We’ve got a food crisis in Colorado, and it has nothing to do with crop yield, farm-to-table or availability of ingredients. Local restaurants are having a near-impossible time hiring and retaining cooks, and the effects may be showing up on the plate and in the check.
The drum-tight unemployment rate and the frenetic pace of new restaurant openings are major factors. But as it turns out, people who are good on the kitchen prep line or in the dish room can make almost double the hourly wage trimming marijuana for sale.
Related: Non-U.S. citizens advised to stay away from jobs in Colorado marijuana industry
While there are no hard data on people leaving the restaurant industry for marijuana, many Denver chefs and restaurant owners believe pot is a major culprit for their cook conundrum.
“We go months trying to fill a position. It’s always been bad, but then they legalized marijuana and it got real bad. There’s no way we can pay what they’re paying,” said chef Justin Brunson, owner of the restaurants The Royal Rooster and Old Major Culture Meat and Cheese.

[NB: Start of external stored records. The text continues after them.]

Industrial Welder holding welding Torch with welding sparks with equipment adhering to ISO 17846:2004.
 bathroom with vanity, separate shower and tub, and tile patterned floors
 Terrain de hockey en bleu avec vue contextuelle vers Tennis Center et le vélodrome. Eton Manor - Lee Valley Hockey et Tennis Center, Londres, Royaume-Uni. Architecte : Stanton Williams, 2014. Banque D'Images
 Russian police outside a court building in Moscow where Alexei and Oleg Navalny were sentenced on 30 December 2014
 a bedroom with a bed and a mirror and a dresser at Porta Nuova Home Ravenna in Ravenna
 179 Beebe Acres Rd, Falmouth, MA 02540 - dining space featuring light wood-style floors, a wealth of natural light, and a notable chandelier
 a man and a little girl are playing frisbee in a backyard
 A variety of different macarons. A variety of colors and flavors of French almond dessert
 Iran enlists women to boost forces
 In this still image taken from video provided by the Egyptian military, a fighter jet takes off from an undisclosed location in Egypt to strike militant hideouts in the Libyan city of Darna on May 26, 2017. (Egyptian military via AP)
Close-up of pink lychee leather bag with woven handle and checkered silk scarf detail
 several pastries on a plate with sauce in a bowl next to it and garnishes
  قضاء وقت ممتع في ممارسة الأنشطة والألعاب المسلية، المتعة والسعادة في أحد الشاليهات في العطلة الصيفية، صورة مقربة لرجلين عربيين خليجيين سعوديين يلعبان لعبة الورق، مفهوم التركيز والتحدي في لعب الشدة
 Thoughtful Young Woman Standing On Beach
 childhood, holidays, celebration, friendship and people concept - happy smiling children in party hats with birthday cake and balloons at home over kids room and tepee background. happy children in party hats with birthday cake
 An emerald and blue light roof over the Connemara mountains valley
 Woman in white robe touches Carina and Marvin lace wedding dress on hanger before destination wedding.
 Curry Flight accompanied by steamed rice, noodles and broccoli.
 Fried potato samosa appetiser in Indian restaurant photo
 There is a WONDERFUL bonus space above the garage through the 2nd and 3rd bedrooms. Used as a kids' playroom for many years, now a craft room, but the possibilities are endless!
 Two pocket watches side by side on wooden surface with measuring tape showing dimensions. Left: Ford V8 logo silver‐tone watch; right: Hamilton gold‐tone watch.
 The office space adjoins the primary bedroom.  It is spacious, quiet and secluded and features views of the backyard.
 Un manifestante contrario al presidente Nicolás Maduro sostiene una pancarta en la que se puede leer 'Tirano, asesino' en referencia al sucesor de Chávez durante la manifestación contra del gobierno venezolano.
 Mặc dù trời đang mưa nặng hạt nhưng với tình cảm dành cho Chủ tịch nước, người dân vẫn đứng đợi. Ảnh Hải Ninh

Entry-level bud trimmers make $12-15 an hour, but speedy cutters can earn upward of $20, according to cannarecruiter.com. This compares with average of $12.83 per hour paid to line and prep cooks — still above minimum wage, but considering the physical demands of kitchen work, many people choose jobs that don’t require them to perform near-constant aerobic feats in a windowless, 90-degree room.